START Source material

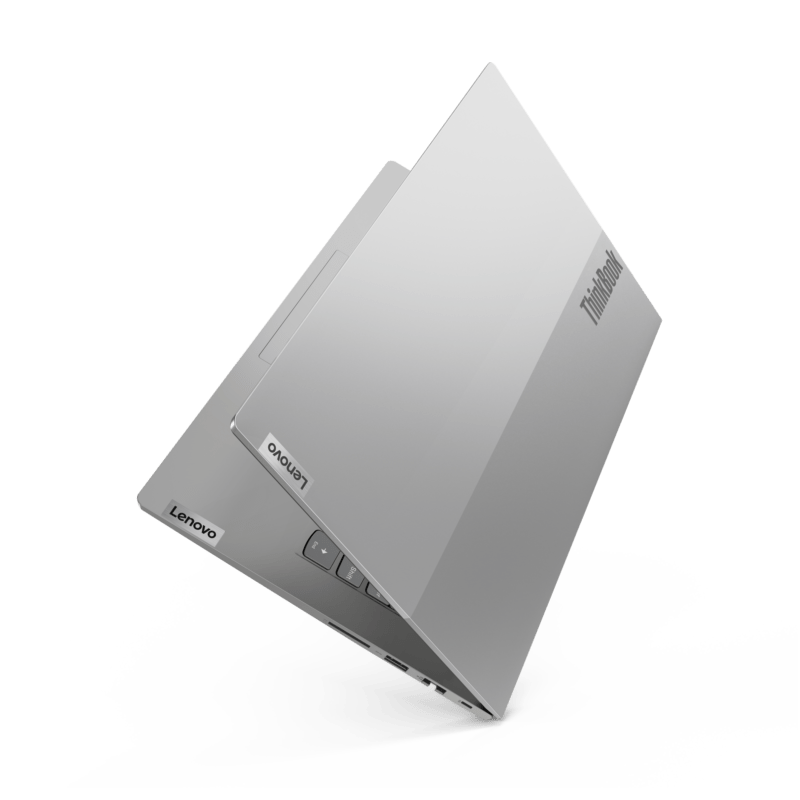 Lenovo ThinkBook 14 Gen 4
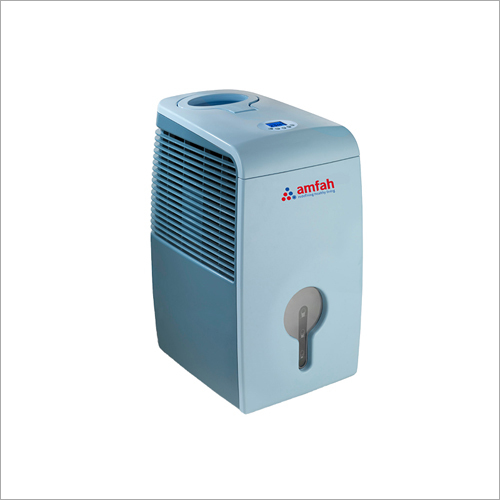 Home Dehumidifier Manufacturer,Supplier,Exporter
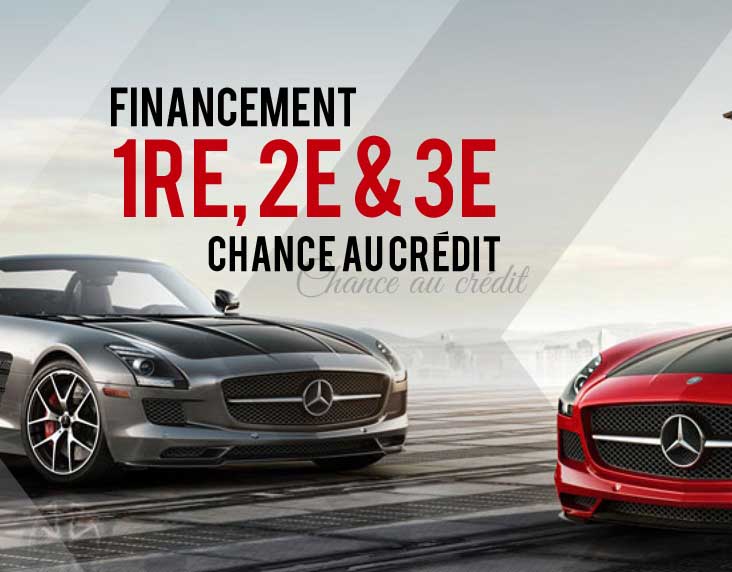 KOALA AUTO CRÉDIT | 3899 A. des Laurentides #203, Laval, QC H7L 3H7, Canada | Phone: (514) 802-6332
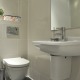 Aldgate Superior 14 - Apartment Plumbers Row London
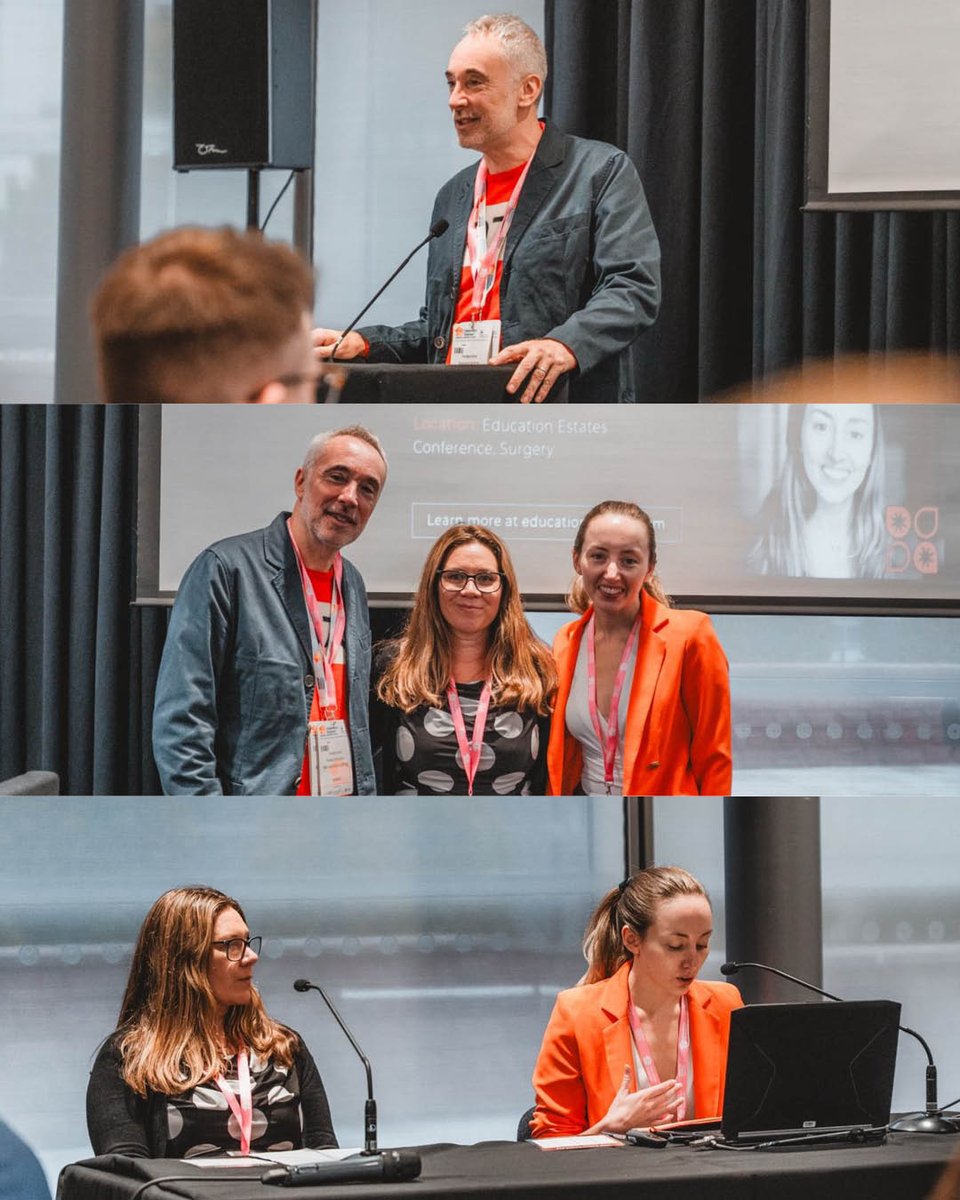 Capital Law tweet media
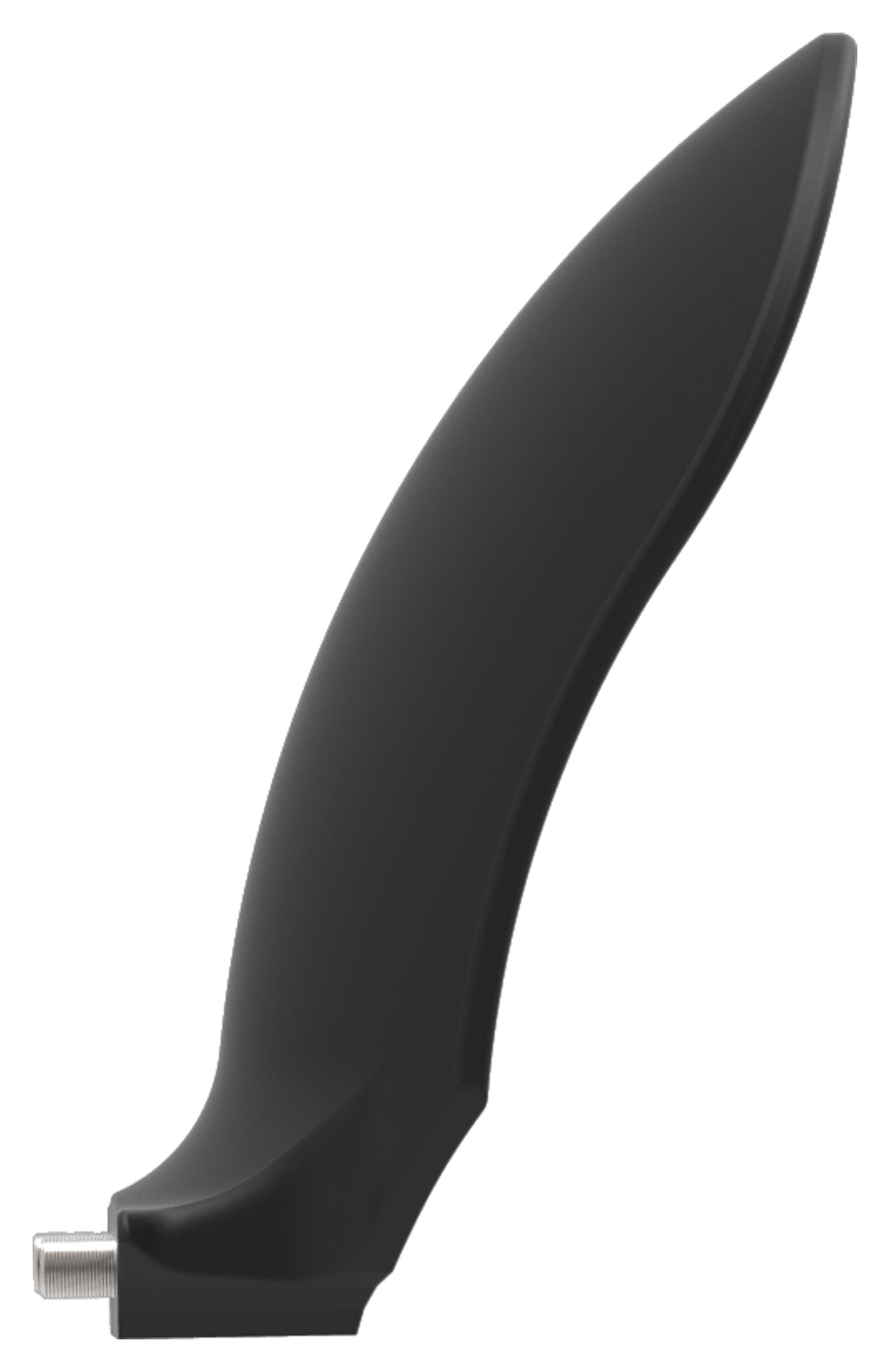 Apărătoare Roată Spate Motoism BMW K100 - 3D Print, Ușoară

END Source material

Task goal: Print out the whole listing word for word. Leave the pictures out.

Written answer:
 Lenovo ThinkBook 14 Gen 4
 Home Dehumidifier Manufacturer,Supplier,Exporter
 KOALA AUTO CRÉDIT | 3899 A. des Laurentides #203, Laval, QC H7L 3H7, Canada | Phone: (514) 802-6332
 Aldgate Superior 14 - Apartment Plumbers Row London
 Capital Law tweet media
 Apărătoare Roată Spate Motoism BMW K100 - 3D Print, Ușoară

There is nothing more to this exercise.